# Phrag seedlings in moss



## orchid527 (Nov 18, 2020)

I know this has been discussed before, but I wanted to post this photo of phrag seedlings growing in moss. They are all kovachii or kovachii hybrids in 4 inch community pots. Some have been in moss since November of last year and the newest since July of this year. I grow these under lights in a utility room that has the same temperature and humidity as the rest of the house. I don't see a single blemished leaf. I know they will need to be moved into something else sooner or later, but for small seedlings, I don't think I could have better results. Mike


----------



## shariea (Nov 18, 2020)

They do look great


----------



## Happypaphy7 (Nov 18, 2020)

Very healthy with no leaf tip browning as you say!! Did you cover these up to keep high humidity or just out in the open in the room under the light? Are these from Chuck Acker? 
It is nice to see some of the moss back to life on the bottom right! 
I just never have much luck with phrags for some reason.


----------



## orchid527 (Nov 18, 2020)

Happypaphy7 said:


> Very healthy with no leaf tip browning as you say!! Did you cover these up to keep high humidity or just out in the open in the room under the light? Are these from Chuck Acker?
> It is nice to see some of the moss back to life on the bottom right!
> I just never have much luck with phrags for some reason.
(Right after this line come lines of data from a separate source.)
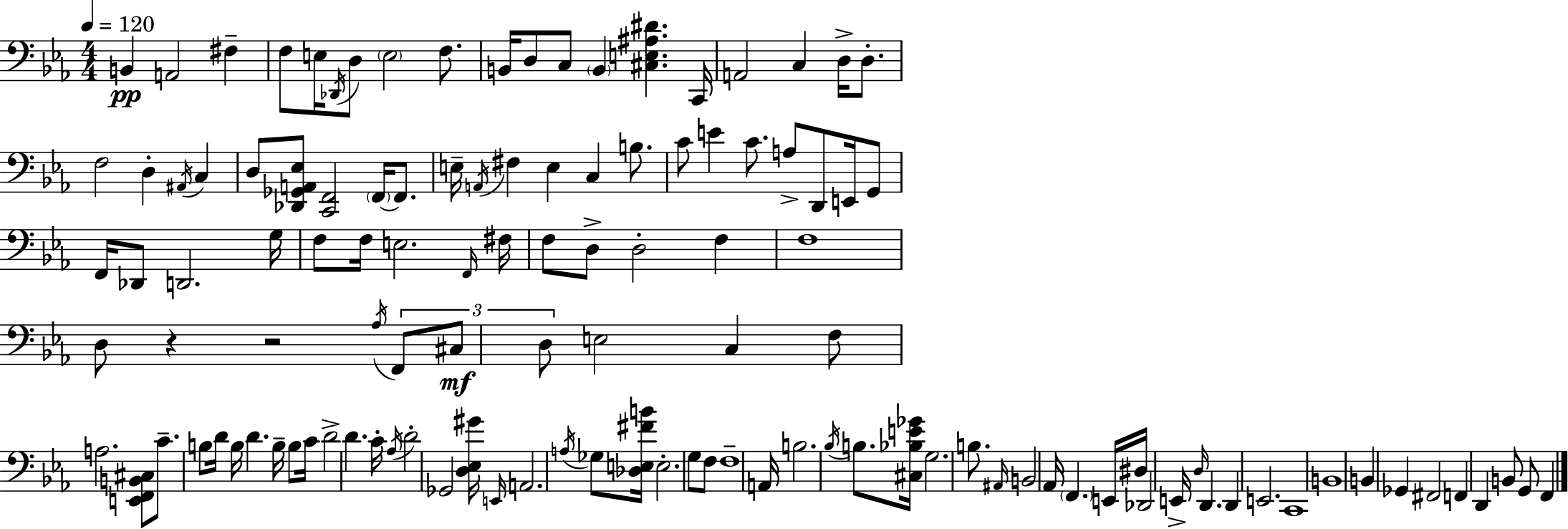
B2/q A2/h F#3/q F3/e E3/s Db2/s D3/e E3/h F3/e. B2/s D3/e C3/e B2/q [C#3,E3,A#3,D#4]/q. C2/s A2/h C3/q D3/s D3/e. F3/h D3/q A#2/s C3/q D3/e [Db2,Gb2,A2,Eb3]/e [C2,F2]/h F2/s F2/e. E3/s A2/s F#3/q E3/q C3/q B3/e. C4/e E4/q C4/e. A3/e D2/e E2/s G2/e F2/s Db2/e D2/h. G3/s F3/e F3/s E3/h. F2/s F#3/s F3/e D3/e D3/h F3/q F3/w D3/e R/q R/h Ab3/s F2/e C#3/e D3/e E3/h C3/q F3/e A3/h. [E2,F2,B2,C#3]/e C4/e. B3/e D4/s B3/s D4/q. B3/s B3/e C4/s D4/h D4/q. C4/s Ab3/s D4/h Gb2/h [D3,Eb3,G#4]/s E2/s A2/h. A3/s Gb3/e [Db3,E3,F#4,B4]/s E3/h. G3/e F3/e F3/w A2/s B3/h. Bb3/s B3/e. [C#3,Bb3,E4,Gb4]/s G3/h. B3/e. A#2/s B2/h Ab2/s F2/q. E2/s D#3/s Db2/h E2/s D3/s D2/q. D2/q E2/h. C2/w B2/w B2/q Gb2/q F#2/h F2/q D2/q B2/e G2/e F2/q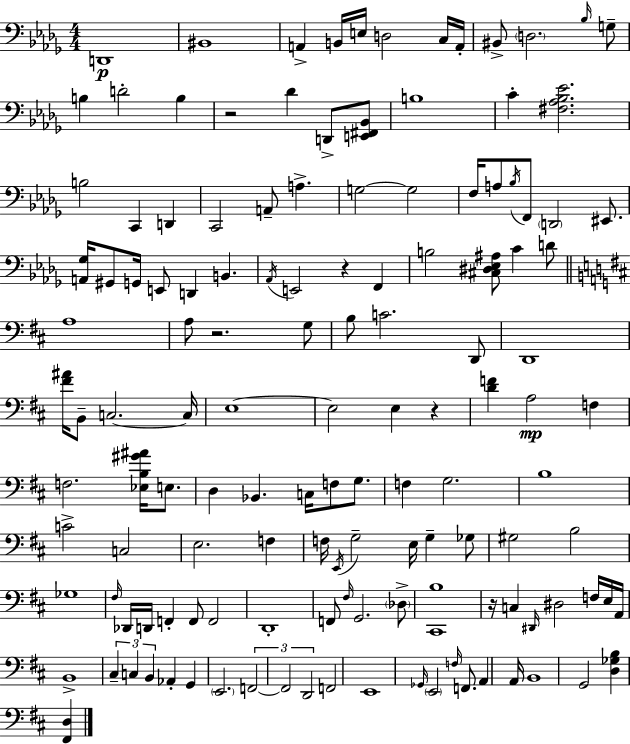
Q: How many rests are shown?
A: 5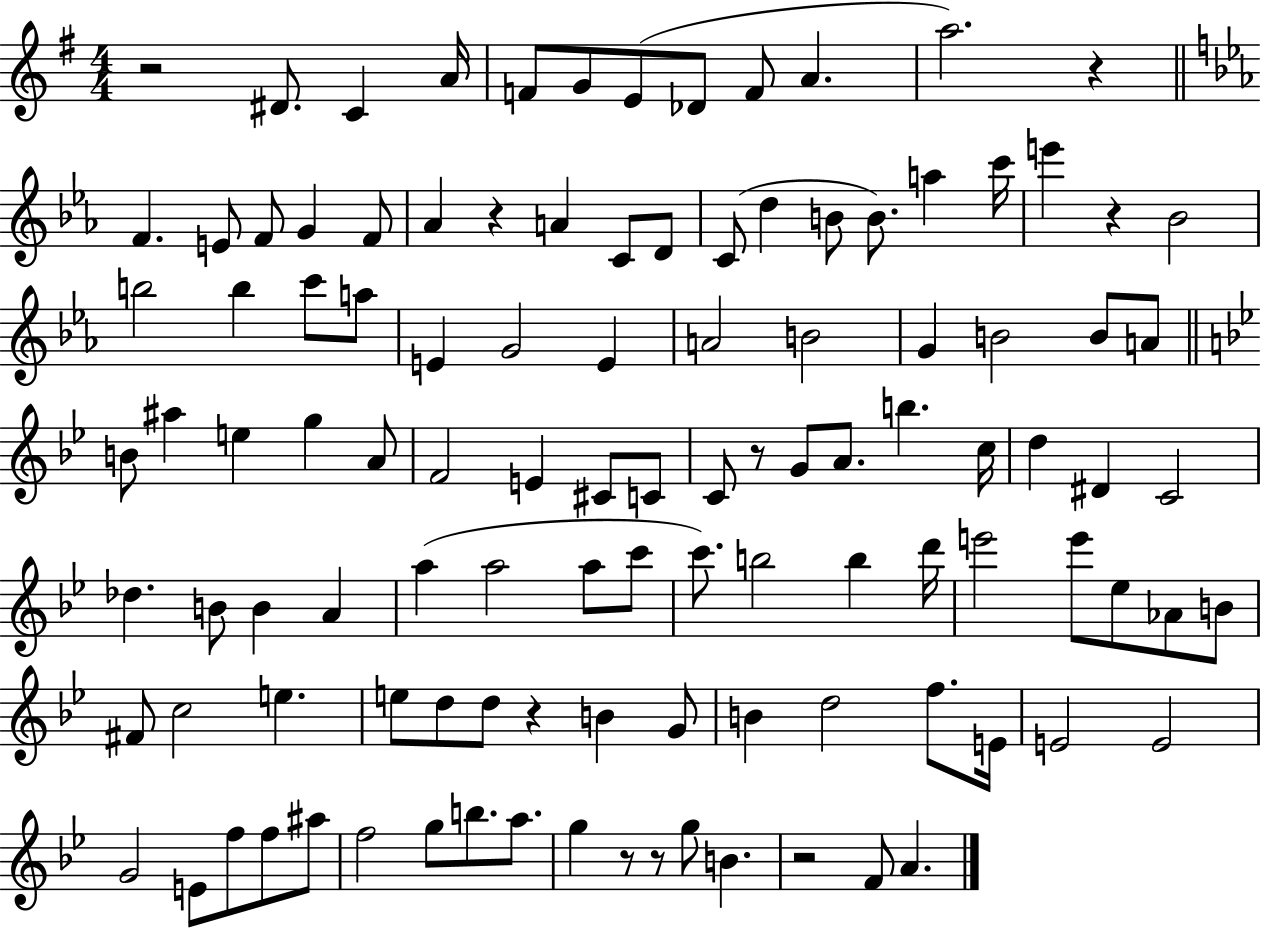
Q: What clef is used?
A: treble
Most are from Chuck Acker, but some are from Peruflora. I leave them in Ziploc bags when they are first de-flasked, and then I gradually open the bag until they have acclimated. The whole process takes 2-4 weeks. Mike


----------



## Happypaphy7 (Nov 18, 2020)

Thank you for the reply, Mike!


----------



## abax (Nov 18, 2020)

Great looking seedlings!


----------



## NYEric (Nov 19, 2020)

I think I will need one of those.  Looking good.


----------



## Sherry H (Nov 20, 2020)

R u selling these?


----------



## ScientistKen (Nov 23, 2020)

Your plants look great! 

I used to love sphagnum for deflasking but had some bad luck with deflasking some paphs last year. When I had a greenhouse the sphagnum worked good and also in an apartment. I don't know if it is the lower temperature of the basement where I grow now. I know my moss was too wet when I used it last year and that contributed (or was maybe the whole reason) but I switched to other media rather than risking that again. Another issue is I used a warmer mat in a tray with a lid and the warmer was plugged into my light timer so over night the water dripped onto the leaves and the temp dropped to 58F.


----------



## NYEric (Nov 24, 2020)

Happypaphy7 said:


> I just never have much luck with phrags for some reason.



Because you don't water enough!!! Revenge of the Swamp Creature!


----------